Table 10 Switch Setup
LABEL
DESCRIPTION
VLAN Type
Choose 802.1Q or Port Based. The VLAN Setup screen changes depending on
whether you choose 802.1Q VLAN type or Port Based VLAN type in this screen.
IGMP Snooping Select Active to enable IGMP snooping have group multicast traffic only forwarded
to ports that are members significantly reducing multicast traffic passing through
your switch. See
for more information on IGMP snooping.
MAC Address
Learning
MAC address learning reduces outgoing traffic broadcasts. For MAC address
learning to occur on a port, the port must be active.
Aging Time
Enter a time from 10 to 3000 seconds. This is how long all dynamically learned MAC
addresses remain in the MAC address table before they age out (and must be
relearned).
GARP Timer:
Switches join VLANs by making a declaration. A declaration is made by issuing a
Join message using GARP. Declarations are withdrawn by issuing a Leave
message. A Leave All message terminates all registrations. GARP timers set
declaration timeout values. See the chapter on VLAN setup for more background
information.
Join Timer
Join Timer sets the duration of the Join Period timer for GVRP in milliseconds. Each
port has a Join Period timer. The allowed Join Time range is between 100 and
65535 milliseconds; the default is 200 milliseconds. See the chapter on VLAN setup
for more background information.
Leave Timer
Leave Time sets the duration of the Leave Period timer for GVRP in milliseconds.

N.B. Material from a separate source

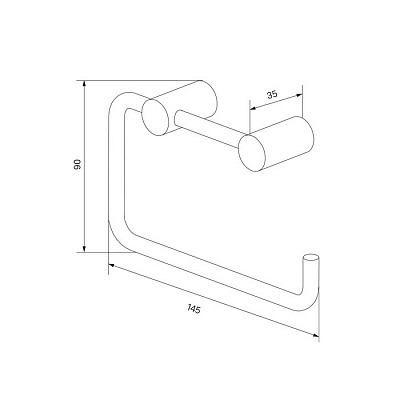 Держатель для туалетной бумаги без крышки Iddis Petite PETG000i43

Each port has a single Leave Period timer. Leave Time must be two times larger
than Join Timer; the default is 600 milliseconds.
Leave All Timer
Leave All Timer sets the duration of the Leave All Period timer for GVRP in
milliseconds. Each port has a single Leave All Period timer. Leave All Timer must be
larger than Leave Timer; the default is 10000 milliseconds.
Priority Queue
Assignment
IEEE 802.1p defines up to eight separate traffic types by inserting a tag into a MAC-
layer frame that contains bits to define class of service. Frames without an explicit
priority tag are given the default priority of the ingress port. Use the next two fields to
configure the priority level-to-physical queue mapping.
The switch has four physical queues that you can map to the 8 priority levels. On the
switch, traffic assigned to higher index queues gets through faster while traffic in
lower index queues is dropped if the network is congested.
Priority Level
(The following descriptions are based on the traffic types defined in the IEEE 802.1d
standard (which incorporates the 802.1p).
Level 7
Typically used for network control traffic such as router configuration messages.
Level 6
Typically used for voice traffic that is especially sensitive to jitter (jitter is the
variations in delay).
Level 5
Typically used for video that consumes high bandwidth and is sensitive to jitter.
Level 4
Typically used for controlled load, latency-sensitive traffic such as SNA (Systems
Network Architecture) transactions.
Level 3
Typically used for “excellent effort” or better than best effort and would include
important business traffic that can tolerate some delay.
Level 2
This is for “spare bandwidth”.
Level 1
This is typically used for non-critical “background” traffic such as bulk transfers that
are allowed but that should not affect other applications and users.
Level 0
Typically used for best-effort traffic.